The Good Friday Agreement was more detailed about the structures that would be established in Northern Ireland to underpin peace, including a legislature and government. It was the product of two years of U.S.-backed negotiations that helped build trust between sworn enemies. But peacemaking was still slow and fragile.

Four months after the Good Friday agreement, IRA dissidents set off a car bomb in the town of Omagh, killing 29 people in the deadliest single attack of the conflict.

Today, dissidents still attempt occasional small-scale attacks. The power-sharing political system set up under the peace agreement has collapsed several times. Amnesties mean killers have gone free and some victims have not received justice.

Yet peace has largely held. Political parties once linked to violent groups, including the IRA-allied Sinn Fein, play a major role, with former gunmen and bombers among those who now sit as lawmakers.

“Engaging those involved with violence and bringing them down democratic paths” was key to the success of Northern Ireland’s peace process, according to Peter McLoughlin, a senior lecturer in politics and history at Queen’s University Belfast.

He said excluding Hamas, which has ruled Gaza since 2007, in the future of the strip, could be a problem.

“If there was a broad lesson from the success of Northern Ireland, it’s that an inclusive process worked – and I mean inclusive in the full sense, all different parties, even including militants,” McLoughlin said.

“Hamas is being excluded from the political process and is expected to give up its weapons,” he added. “I don’t know how feasible that is.”

Key players return

Starmer’s reference to the U.K.’s experience in monitoring ceasefires no doubt refers to the achievements of Blair and Powell.

President Donald Trump has said Blair, who was U.K. prime minister between 1997 and 2007, is a potential member of a “Board of Peace” to oversee administration and reconstruction in Gaza.

Blair has long experience in the Middle East, having served as an envoy to Israel and the Palestinians for the “Quartet” — the U.S., European Union, Russia and the United Nations — for eight years until 2015.

He also played a pivotal role — along with then U.S. President Bill Clinton — in putting together an international coalition that conducted airstrikes in 1999 to end Yugoslav President Slobodan Milosevic’s crackdown on independence-seeking ethnic Albanians in Kosovo.

But Blair is also a highly controversial figure because of his decision to take Britain into the U.S.-led invasion of Iraq in 2003. Trump has acknowledged that Blair might not be “an acceptable choice to everybody” in the region.

Powell, meanwhile, is now Starmer’s national security adviser and attended Trump’s summit in Egypt.
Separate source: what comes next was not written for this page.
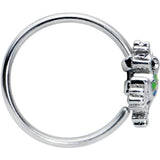 20G 5/16 Black Gem Polka Dot Blue Green Frog Nose Hoop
U.S. Middle East special envoy Steve Witkoff praised Powell’s “incredible input and tireless efforts” in reaching the agreement.
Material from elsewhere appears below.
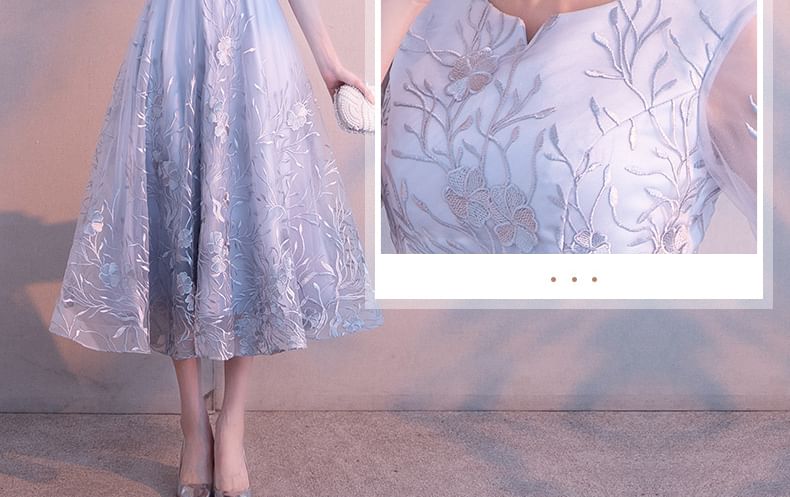 Elbow Sleeve Notch Neck Floral Embroidered Mesh Midi A-Line Cocktail Dress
Bronwen Maddox, the director of Chatham House, the U.K.-based international affairs institute, was skeptical about drawing parallels between the two processes. She said Britain “can play a small diplomatic part” in Gaza, but probably not a decisive one.

The Northern Ireland peace deal “was a successful and really important peace negotiation,” she said. “But it was very much of itself, I think.”